>>>>

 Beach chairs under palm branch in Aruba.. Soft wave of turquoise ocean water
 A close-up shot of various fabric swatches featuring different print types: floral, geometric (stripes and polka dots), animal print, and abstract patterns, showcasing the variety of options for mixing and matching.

<<<<
>>>>

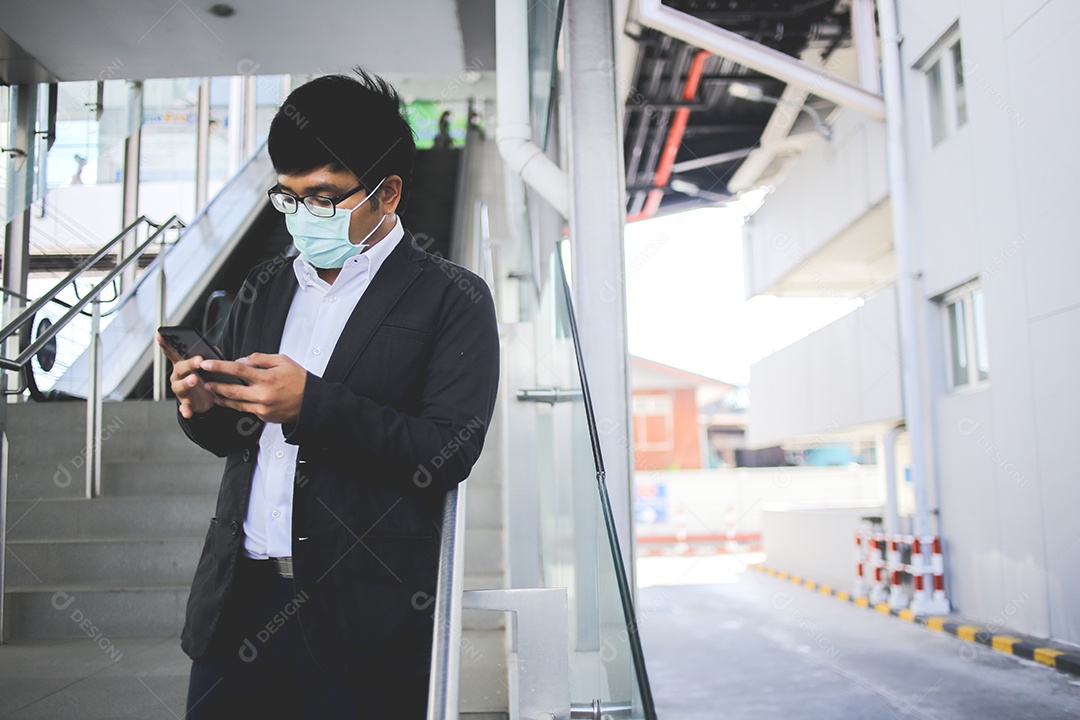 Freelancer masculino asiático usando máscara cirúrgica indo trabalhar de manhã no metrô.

<<<<
>>>>

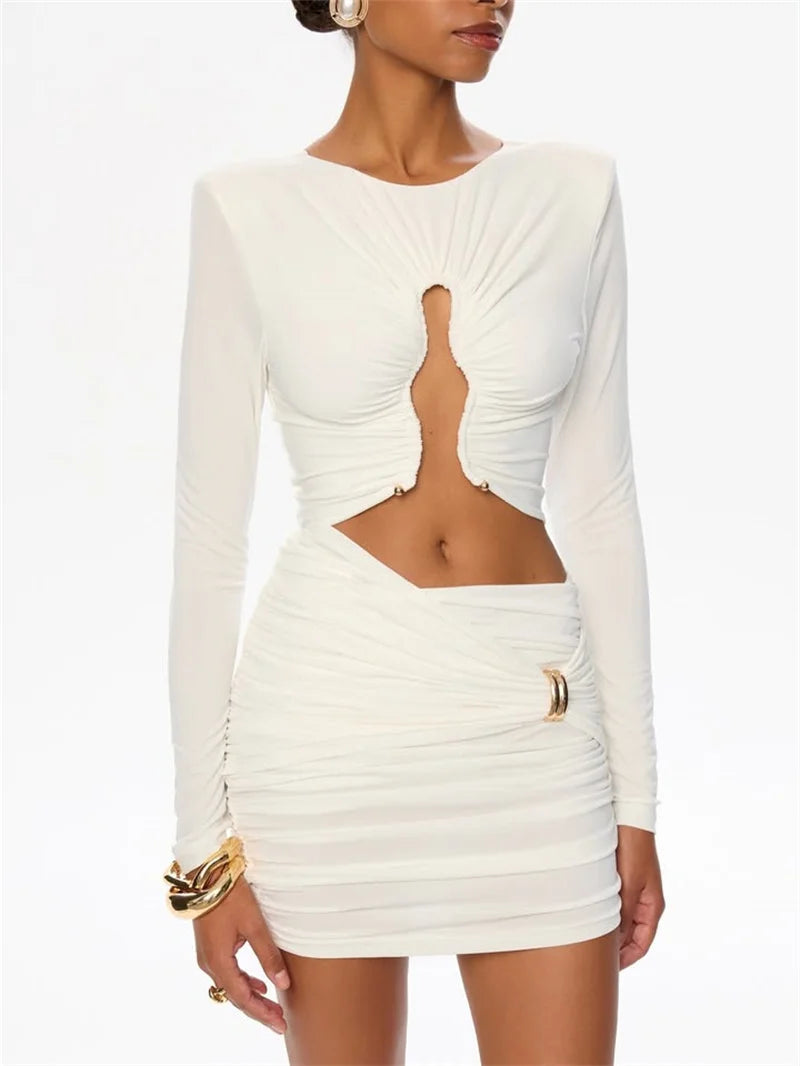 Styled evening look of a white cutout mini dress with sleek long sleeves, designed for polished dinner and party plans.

<<<<

▶ **TASK BRIEF**:
Only one stretch of the data above is needed. Restate it word for word, from the line containing "Beach chairs under" through the line containing "A close-up shot", both ends included.

▶ **RESPONSE BOX**:
 Beach chairs under palm branch in Aruba.. Soft wave of turquoise ocean water
 A close-up shot of various fabric swatches featuring different print types: floral, geometric (stripes and polka dots), animal print, and abstract patterns, showcasing the variety of options for mixing and matching.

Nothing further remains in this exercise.